Anubis is the Greek name for the ancient jackal-headed god of the dead in Egyptian mythology. His name is more accurately vocalized as Anapa, but he is also known as Sekhem Em Pet. He serves as both a guide of the recently departed and a guardian of the dead. The female counterpart to Anubis is Anput, sometimes shortened to Anpu.
The Jackal was associated with the domain of the dead, due to the fact that the jackal oriented in the Western Desert. The cult of Anubis eventually became associated with that of Osiris, which led to the belief that he was the son of Osiris and Nephthys, the wife of Set, who seduced Osiris in order to have a son when she discovered Set was infertile.
He supervises the embalming and mummification processes, and presides over the Opening of the Mouth ceremony. He also performs the Weighing of the Heart ceremony, in which the deceased person's heart is weighed against Ma'at's Feather of Truth. If the heart is heavier then the feather, the heart is fed to Ammut, the devourer of souls.
Anubis is also linked to the Imuit fetish, which is a headless stuffed animal skin hanging from a pole standing in a pot, often illustrated on stelae or papyri. A model was found in the tomb of Tutankhamun, but it is unknown what it was used for.
Anubis is traditionally said to have a head of a jackal which refers to the Egyptian jackal. Whether it's a subspecies of Golden jackal, subspecies of gray wolf or a species by itself, remains a topic of debate to this day. Ancient Greek considered it a wolf. In XX there was no consensus on the species' taxonomy.

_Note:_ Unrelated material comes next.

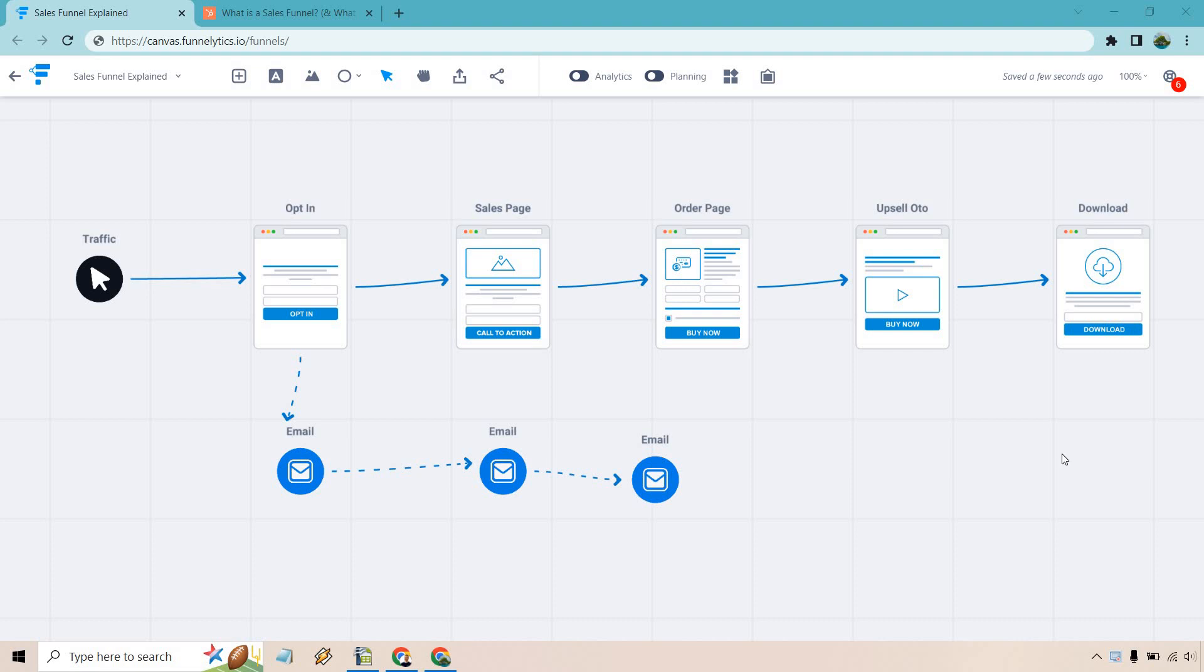Sales funnel explained. So what is the sales funnel and how does it work? Allow me to show you in this video and give you some demonstrations about how the flow works.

A 2007 DNA research placed it with Golden jackals, but a 2011 research placed it with gray wolves again and suggested that African wolf would be more appropriate name. As of 2011, further study is needed to verify the research and decide on taxonomy.
Another sacred animal of Anubis was a domestic dog which he was sometimes depicted as.
Ancient Egyptians depicted jackals and dogs very alike and sometimes depicted animals that looked like jackals and dogs at the same time. This canonical canine has thin black body, long legs, pointed muzzle and erect ears. It's that animal, be it a jackal, a wolf or a dog, which is seen in works of artists inspired by Anubis.
Anubis, Anput, and furry
Anubis and Anput are very popular among furry fans because of their anthropomorphic jackal form. As a result, they are a very popular subject of furry artwork. Many furries pattern themselves after Anubis or Anput, making jackals one of the more popular species of furry in the fandom.